Conclusions. Findings suggest that n-3 fatty acids have anti-inflammatory and immunopotentiating effects, and are beneficial in the wound healing process, particularly during early inflammation.

Introduction

Persisting pressure, rubbing, and underlying disease morbidity are the major causes of pressure ulcers, but malnutrition is another important factor. Research comparing the body measurements of patients with pressure ulcers, and the finding that 46% of these patients have serum albumin levels < 3.5 g/dL, highlight the importance of better nutrition for the prevention and healing of pressure ulcers.[1–3]
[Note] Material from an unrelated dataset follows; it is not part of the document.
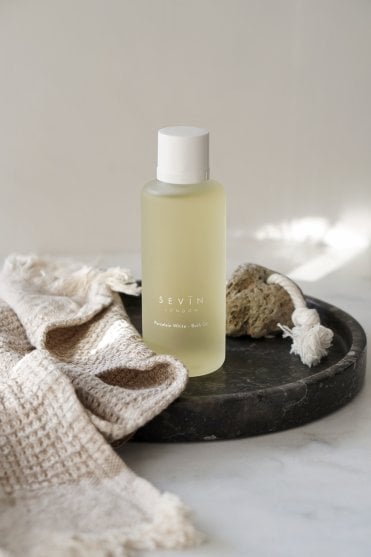 Porcelain White Bath Oil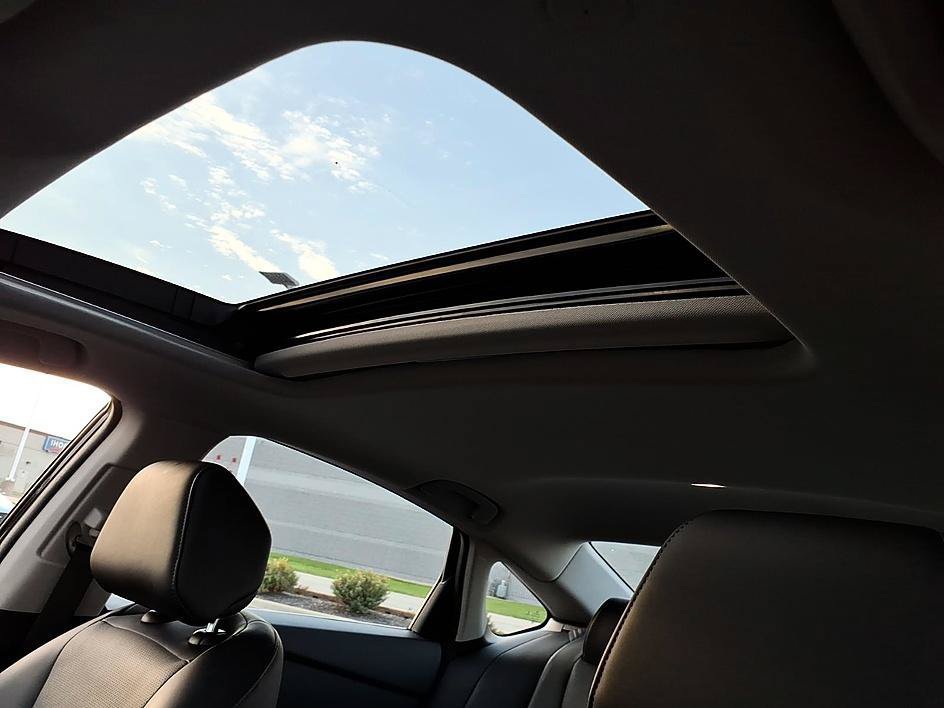 Certified 2023 Honda Accord Touring image 18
Among nutrients, fatty acids are precursors of bioactive substances. The types and ratios consumed are therefore important considerations. The n-6 fatty acid linoleic acid, for instance, produces eicosanoids derived from arachidonic acid within the body and is a key contributor to the initiation of the inflammatory response among other functions associated with the body's defenses.[4] In contrast, the n-3 fatty acids competitively inhibit the conversion of arachidonic acid into bioactive substances, thereby suppressing inflammatory cytokine production. Resolvins, metabolites of n-3 fatty acids, have recently been shown to stimulate the resolution of inflammation as anti-inflammatory mediators.[5–6] Moreover, the n-3 fatty acids are immunonutrients that activate intestinal immunity, protect the cardiovascular system, suppress weight loss in cancer patients, and play other important roles in maintaining and improving immunity.[6] Research is now characterizing the anti-inflammatory and immunopotentiating effects of n-3 fatty acids, but it is the authors' understanding that the role of these substances in the wound healing process remains quite limited.

The effects of n-3 fatty acids on inflammatory cytokines in the wound healing process, and the ability of n-3 fatty acids to stimulate wound healing in wounded rats fed a diet fortified with n-3 fatty acids, were investigated.